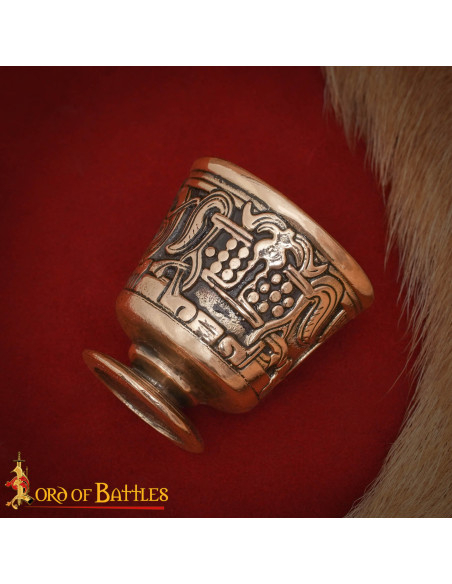 Coppa medievale piccola del XII...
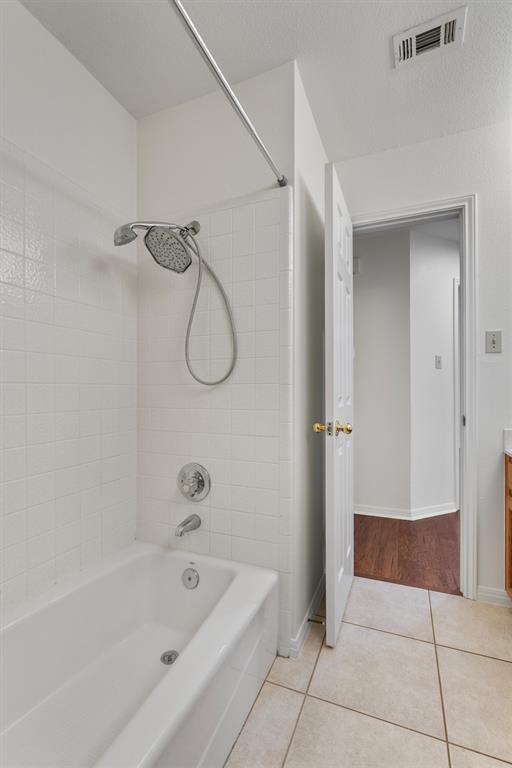 Building Photo - 7905 Henry Kinney Row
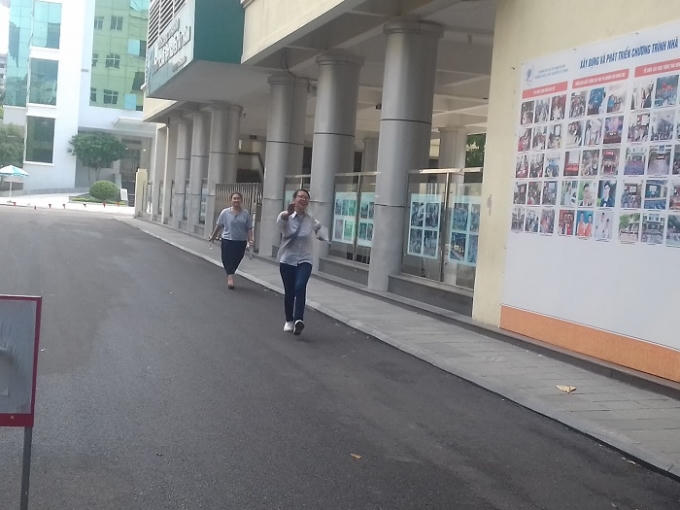 Thí sinh tỏ ra rất vui mừng sau khi bước ra khỏi phòng thi.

* * * * *

• _Task statement_: Apart from the pictures, every line of the material above is to be returned word for word.

• _Task solution_:
 Coppa medievale piccola del XII...
 Building Photo - 7905 Henry Kinney Row
 Thí sinh tỏ ra rất vui mừng sau khi bước ra khỏi phòng thi.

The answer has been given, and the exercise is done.